Modular square root of a gaussian integer

Question

Let $a$ and $x$ be Gaussian integers.

How can I calculate the value of $x$ so that $x^2 \equiv a \pmod p$ where $p$ is a regular integer prime and $p \equiv 3 \pmod 4$ ?

Example:

$a = 2 + 5i$

$p = 7$

One possible value for $x$ is

$x = 2 + 3i$

which yields

$x^2 = (2 + 3i)^2 = -5 + 12i \equiv 2 + 5i \pmod 7$,

but this value I calculated manually. How can I compute $x$ for larger values of $a$ and $p$? Is it even possible to compute this value efficiently?

With regular big integers I can just use the method described here but so far I've failed to figure out how to adapt it to work for gaussian integers.

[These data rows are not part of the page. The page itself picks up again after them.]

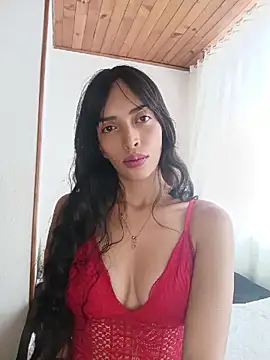 DolceLucie online show from March 28, 5:12 pm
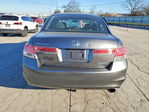Honda Accord 2012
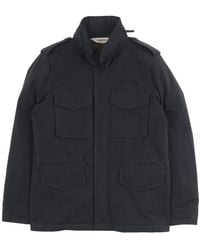 Aspesi - Light Jackets - Lyst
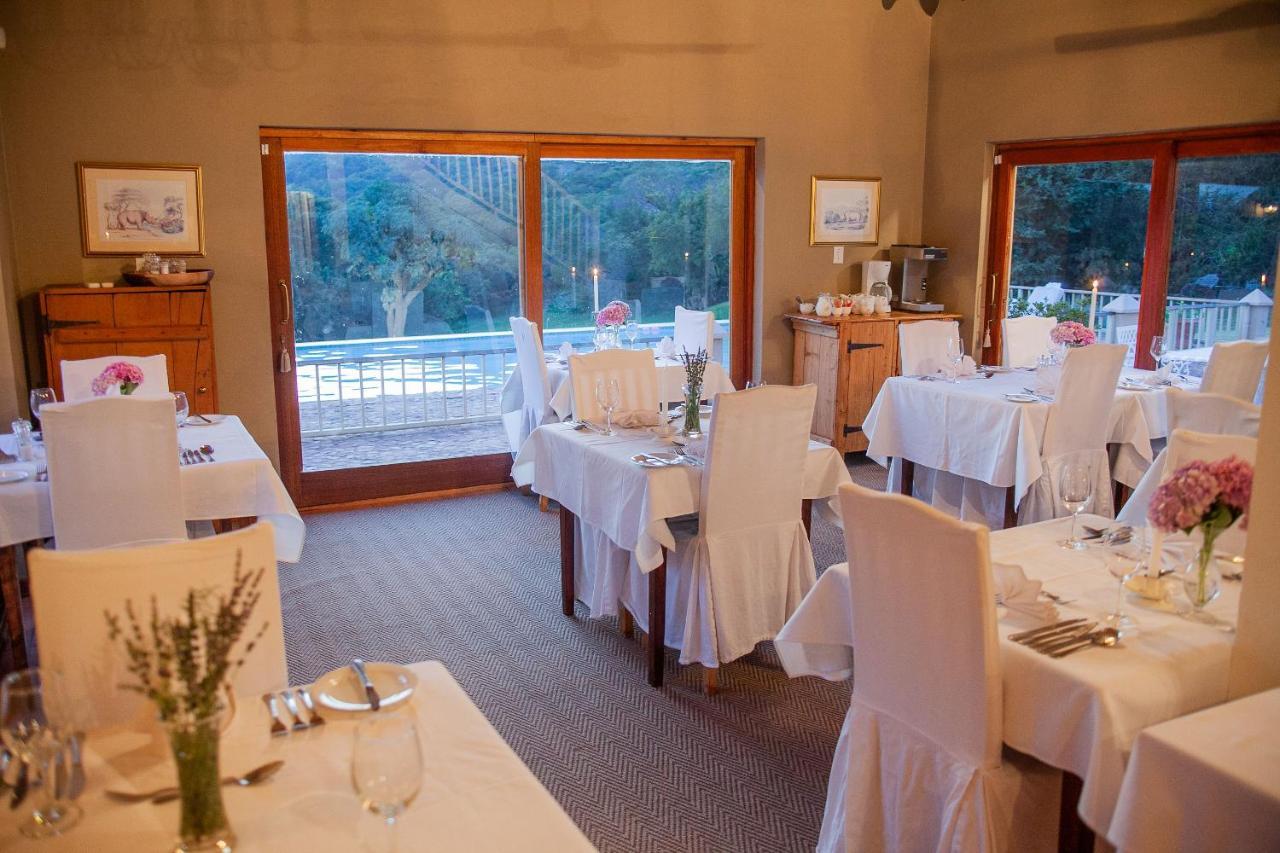 Steynshoop Mountain Lodge Hekpoort Luaran gambar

A little help would be much appreciated.

Answer 1

You did not tell us how you first determine whether or not $a$ is a square in $\mathbf Z[i]/(p)$. Do you use quadratic reciprocity in the Gaussian integers?

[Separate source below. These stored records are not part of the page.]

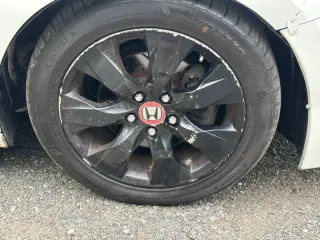 2009 Honda Accord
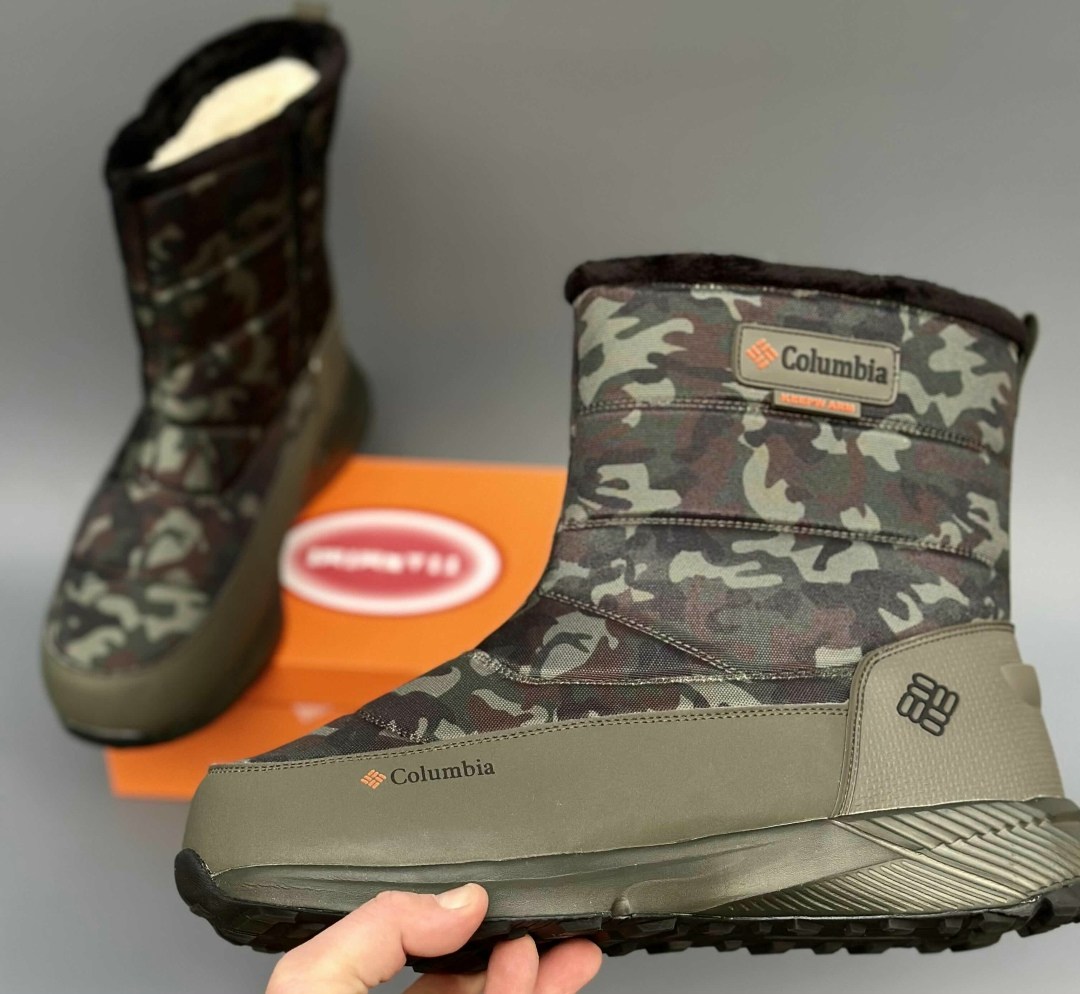 дутики мужские зимние columbia,дутики columbia,дутики columbia мужские,зимние сапоги columbia,сапоги columbia (арт. 16967)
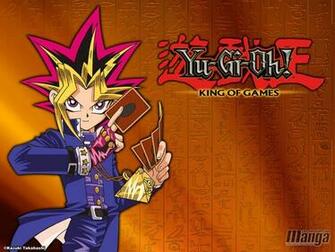 Yu Gi Oh Wallpaper De Lyridoh Provenant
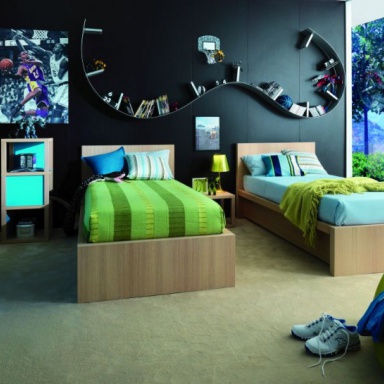 Children (set children)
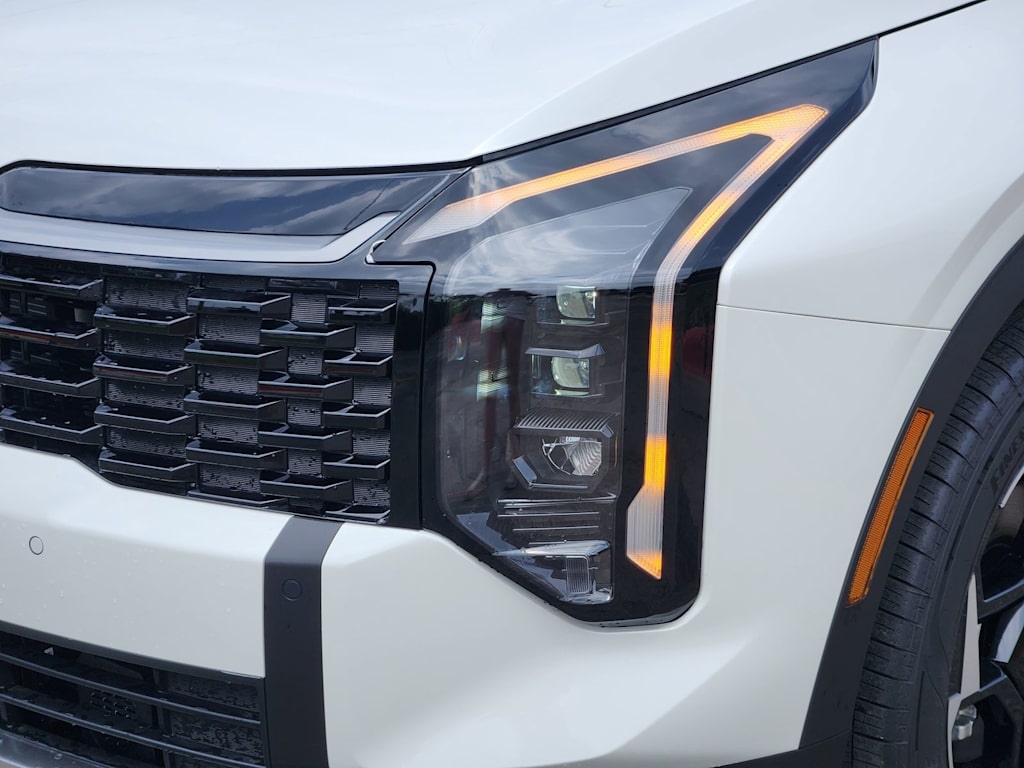 Thumbnail: 2026 Kia Sportage - 18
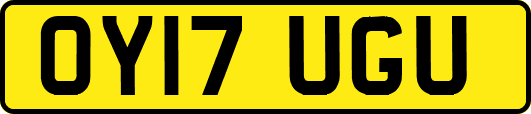 OY17UGU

The field $\mathbf Z[i]/(p)$ has order $p^2$, which is $1 \bmod 4$, and when $p \equiv 3 \bmod 4$ the field $\mathbf Z/(p)$ has order $p$. There is a huge difference between finite fields of order that is $1 \bmod 4$ and $3 \bmod 4$ when you try to compute square roots explicitly. When $\mathbf F$ is a finite field with order $q$ and $q \equiv 3 \bmod 4$, then it is trivial to write down a solution to $x^2 = a$ in $\mathbf F$ when you already know that $a$ is a nonzero square: $a$ being a square in $\mathbf F^\times$ is equivalent to $a^{(q-1)/2} = 1$ in $\mathbf F$, and that implies $a^{(q+1)/4}$ is a square root of $a$ because $$ (a^{(q+1)/4})^2 = a^{(q+1)/2} = a^{(q-1)/2}a = a. $$ For finite fields with odd order that is $1 \bmod 4$, this trick fails to work and you need more serious ideas. Read about the Tonelli-Shanks algorithm and Cipolla's algorithm as two ways to solve $x^2 \equiv a \bmod p$ in $\mathbf Z$ when we already know that $a$ is a square in $\mathbf Z/(p)$. These two algorithms can be adapted to any finite field with odd order.